Cette étude qualitative soutient que, malgré la tenue de cinq élections générales entre 1995 et 2015, l'EPRDF a maintenu un régime autoritaire en Éthiopie en employant des tactiques de contrôle et de manipulation systématiques — telles que les arrestations, la manipulation des ressources et l'infiltration de groupes d'opposition — qui ont sapé la légitimité électorale, l'équité et le développement démocratique global du pays.

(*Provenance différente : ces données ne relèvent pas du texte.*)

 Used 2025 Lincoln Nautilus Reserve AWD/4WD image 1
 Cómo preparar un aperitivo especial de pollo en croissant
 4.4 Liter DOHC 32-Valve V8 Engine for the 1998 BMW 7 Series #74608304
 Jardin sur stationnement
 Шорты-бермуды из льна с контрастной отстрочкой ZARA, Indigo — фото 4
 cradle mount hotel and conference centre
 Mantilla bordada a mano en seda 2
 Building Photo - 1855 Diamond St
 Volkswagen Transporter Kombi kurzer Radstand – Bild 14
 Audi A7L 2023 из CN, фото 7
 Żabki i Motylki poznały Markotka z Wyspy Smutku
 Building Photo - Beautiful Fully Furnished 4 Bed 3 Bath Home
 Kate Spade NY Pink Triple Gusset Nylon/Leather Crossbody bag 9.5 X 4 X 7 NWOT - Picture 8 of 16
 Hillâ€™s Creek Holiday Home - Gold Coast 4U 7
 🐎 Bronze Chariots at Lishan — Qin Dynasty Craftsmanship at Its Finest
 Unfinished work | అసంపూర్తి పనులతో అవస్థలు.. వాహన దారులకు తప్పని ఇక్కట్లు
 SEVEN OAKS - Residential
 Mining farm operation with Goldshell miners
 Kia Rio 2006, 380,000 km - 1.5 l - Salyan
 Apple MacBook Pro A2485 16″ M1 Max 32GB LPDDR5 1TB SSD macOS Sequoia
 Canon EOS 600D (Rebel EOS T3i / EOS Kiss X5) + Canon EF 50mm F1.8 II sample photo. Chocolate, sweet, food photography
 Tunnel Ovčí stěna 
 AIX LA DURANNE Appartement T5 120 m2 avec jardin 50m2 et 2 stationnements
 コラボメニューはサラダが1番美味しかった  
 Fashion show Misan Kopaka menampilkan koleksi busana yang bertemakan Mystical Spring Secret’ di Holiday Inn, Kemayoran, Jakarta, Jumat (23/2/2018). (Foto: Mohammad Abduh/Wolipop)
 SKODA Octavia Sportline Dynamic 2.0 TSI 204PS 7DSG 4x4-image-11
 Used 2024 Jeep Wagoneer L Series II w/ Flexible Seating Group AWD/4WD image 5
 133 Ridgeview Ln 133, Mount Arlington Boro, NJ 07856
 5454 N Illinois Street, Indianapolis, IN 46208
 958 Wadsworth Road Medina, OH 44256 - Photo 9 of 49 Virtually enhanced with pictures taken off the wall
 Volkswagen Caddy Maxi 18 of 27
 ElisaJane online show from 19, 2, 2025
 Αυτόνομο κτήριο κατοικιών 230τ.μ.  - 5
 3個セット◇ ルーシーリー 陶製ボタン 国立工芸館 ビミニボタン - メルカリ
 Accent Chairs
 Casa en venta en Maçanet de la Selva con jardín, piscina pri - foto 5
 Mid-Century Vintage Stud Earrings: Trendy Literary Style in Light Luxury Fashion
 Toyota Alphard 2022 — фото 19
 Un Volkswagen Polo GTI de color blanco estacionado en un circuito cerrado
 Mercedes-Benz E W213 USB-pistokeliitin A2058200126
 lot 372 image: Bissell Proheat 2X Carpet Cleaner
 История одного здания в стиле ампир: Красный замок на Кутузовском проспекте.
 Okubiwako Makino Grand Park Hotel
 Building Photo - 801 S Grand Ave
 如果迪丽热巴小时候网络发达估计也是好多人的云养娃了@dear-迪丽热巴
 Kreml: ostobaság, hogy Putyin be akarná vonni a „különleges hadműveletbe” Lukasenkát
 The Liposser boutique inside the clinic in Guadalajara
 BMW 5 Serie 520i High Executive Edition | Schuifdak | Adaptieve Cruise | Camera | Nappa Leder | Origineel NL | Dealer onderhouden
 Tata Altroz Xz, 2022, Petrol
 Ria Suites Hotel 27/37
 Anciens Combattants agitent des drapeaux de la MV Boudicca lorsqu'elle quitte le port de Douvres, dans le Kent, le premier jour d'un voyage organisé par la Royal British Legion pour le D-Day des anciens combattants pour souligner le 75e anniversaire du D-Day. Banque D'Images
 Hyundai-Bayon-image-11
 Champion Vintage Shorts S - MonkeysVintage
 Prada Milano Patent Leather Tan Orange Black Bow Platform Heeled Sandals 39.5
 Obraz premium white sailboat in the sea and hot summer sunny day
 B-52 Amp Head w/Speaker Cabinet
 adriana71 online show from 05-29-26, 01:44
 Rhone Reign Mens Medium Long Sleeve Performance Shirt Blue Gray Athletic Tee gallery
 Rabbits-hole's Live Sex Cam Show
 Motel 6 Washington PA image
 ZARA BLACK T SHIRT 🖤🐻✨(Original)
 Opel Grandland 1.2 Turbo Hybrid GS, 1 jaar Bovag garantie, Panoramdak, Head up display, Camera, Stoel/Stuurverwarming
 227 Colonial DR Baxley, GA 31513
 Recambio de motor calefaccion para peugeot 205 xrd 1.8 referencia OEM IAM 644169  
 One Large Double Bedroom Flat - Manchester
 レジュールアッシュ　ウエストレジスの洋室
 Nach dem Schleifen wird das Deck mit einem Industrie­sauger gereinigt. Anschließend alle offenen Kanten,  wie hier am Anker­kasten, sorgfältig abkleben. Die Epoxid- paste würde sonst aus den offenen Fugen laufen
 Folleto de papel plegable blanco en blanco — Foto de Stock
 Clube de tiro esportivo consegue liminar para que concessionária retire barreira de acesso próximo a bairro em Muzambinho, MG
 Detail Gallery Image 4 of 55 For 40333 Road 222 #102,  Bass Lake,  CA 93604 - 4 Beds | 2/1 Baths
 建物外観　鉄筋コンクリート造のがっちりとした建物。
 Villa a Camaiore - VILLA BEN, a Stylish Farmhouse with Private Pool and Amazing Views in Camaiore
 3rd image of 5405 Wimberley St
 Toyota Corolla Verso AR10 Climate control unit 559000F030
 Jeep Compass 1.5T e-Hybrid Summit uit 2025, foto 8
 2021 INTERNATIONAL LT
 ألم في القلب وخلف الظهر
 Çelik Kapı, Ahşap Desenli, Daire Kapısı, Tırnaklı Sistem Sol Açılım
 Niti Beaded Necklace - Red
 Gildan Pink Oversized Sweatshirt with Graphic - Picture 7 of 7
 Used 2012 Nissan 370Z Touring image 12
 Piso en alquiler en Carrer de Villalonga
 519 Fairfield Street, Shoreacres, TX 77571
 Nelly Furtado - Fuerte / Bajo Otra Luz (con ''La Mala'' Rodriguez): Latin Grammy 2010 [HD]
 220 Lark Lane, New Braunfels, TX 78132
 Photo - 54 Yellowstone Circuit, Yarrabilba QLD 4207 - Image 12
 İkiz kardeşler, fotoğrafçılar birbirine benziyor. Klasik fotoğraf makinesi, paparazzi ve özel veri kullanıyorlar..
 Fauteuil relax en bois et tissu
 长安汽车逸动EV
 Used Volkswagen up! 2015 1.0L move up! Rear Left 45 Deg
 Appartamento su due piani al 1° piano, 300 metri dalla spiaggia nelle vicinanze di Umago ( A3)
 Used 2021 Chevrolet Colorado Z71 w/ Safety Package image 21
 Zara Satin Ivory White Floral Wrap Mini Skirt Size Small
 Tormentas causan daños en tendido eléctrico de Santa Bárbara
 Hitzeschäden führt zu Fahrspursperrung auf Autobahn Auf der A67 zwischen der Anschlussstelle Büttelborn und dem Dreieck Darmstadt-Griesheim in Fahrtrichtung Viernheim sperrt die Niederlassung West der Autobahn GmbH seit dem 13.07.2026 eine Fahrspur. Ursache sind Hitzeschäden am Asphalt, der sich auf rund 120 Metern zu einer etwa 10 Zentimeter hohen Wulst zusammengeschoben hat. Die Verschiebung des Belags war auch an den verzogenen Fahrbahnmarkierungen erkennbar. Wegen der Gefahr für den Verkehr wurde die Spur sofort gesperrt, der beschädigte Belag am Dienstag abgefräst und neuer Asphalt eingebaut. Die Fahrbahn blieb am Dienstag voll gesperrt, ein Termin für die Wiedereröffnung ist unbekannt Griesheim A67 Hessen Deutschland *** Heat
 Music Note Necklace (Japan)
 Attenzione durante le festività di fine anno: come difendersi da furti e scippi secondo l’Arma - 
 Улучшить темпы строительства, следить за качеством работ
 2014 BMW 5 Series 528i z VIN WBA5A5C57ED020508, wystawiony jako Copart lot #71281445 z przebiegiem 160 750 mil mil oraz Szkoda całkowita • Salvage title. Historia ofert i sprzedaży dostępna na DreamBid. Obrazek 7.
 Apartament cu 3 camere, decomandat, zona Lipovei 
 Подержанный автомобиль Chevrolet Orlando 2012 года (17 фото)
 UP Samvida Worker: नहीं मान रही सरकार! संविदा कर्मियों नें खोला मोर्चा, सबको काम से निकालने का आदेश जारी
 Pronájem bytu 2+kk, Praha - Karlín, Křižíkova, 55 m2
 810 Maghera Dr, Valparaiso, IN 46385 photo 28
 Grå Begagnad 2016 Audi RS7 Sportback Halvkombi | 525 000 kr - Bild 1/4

Auteurs originaux : Gizachew Asrat, Tizazu Ayalew

Publié 2026-08-07
📖 8 min de lecture🧠 Analyse approfondie

Auteurs originaux : Gizachew Asrat, Tizazu Ayalew

Article original sous licence CC BY 4.0 (https://creativecommons.org/licenses/by/4.0/). Ceci est une explication générée par l'IA de l'article ci-dessous. Elle n'a pas été rédigée ni approuvée par les auteurs. Pour une précision technique, consultez l'article original. Lire la clause de non-responsabilité complète

Imaginez un monde où chaque citoyen reçoit un ticket d'or pour voter pour son dirigeant, mais où le jeu est truqué avant même que le premier ticket ne soit distribué. C'est l'histoire de l'autoritarisme électoral, un concept qui se situe à l'intersection de la science politique et de l'étude du pouvoir. Pensez à la démocratie comme à une course équitable où les coureurs partent de la même ligne, ont des chaussures identiques et où la ligne d'arrivée est surveillée par des arbitres impartiaux. En revanche, l'autoritarisme électoral est comparable à une course où le coureur favori reçoit un jetpack, les autres coureurs sont attachés au poteau de départ, et les arbitres sont en réalité les cousins du coureur favori. Le document que nous explorons aujourd'hui plonge au cœur de ce type spécifique de « course » politique en Éthiopie, en posant une grande question : pourquoi certains dirigeants organisent-ils des élections s'ils ne veulent pas vraiment perdre ? Les auteurs suggèrent que pour ces dirigeants, les élections ne consistent pas à choisir un nouveau chemin ; elles sont une pièce de théâtre sophistiquée conçue pour faire croire au monde (et à leur propre peuple) que tout est équitable, même quand le script est écrit pour garantir que le même acteur reste sur scène pour toujours.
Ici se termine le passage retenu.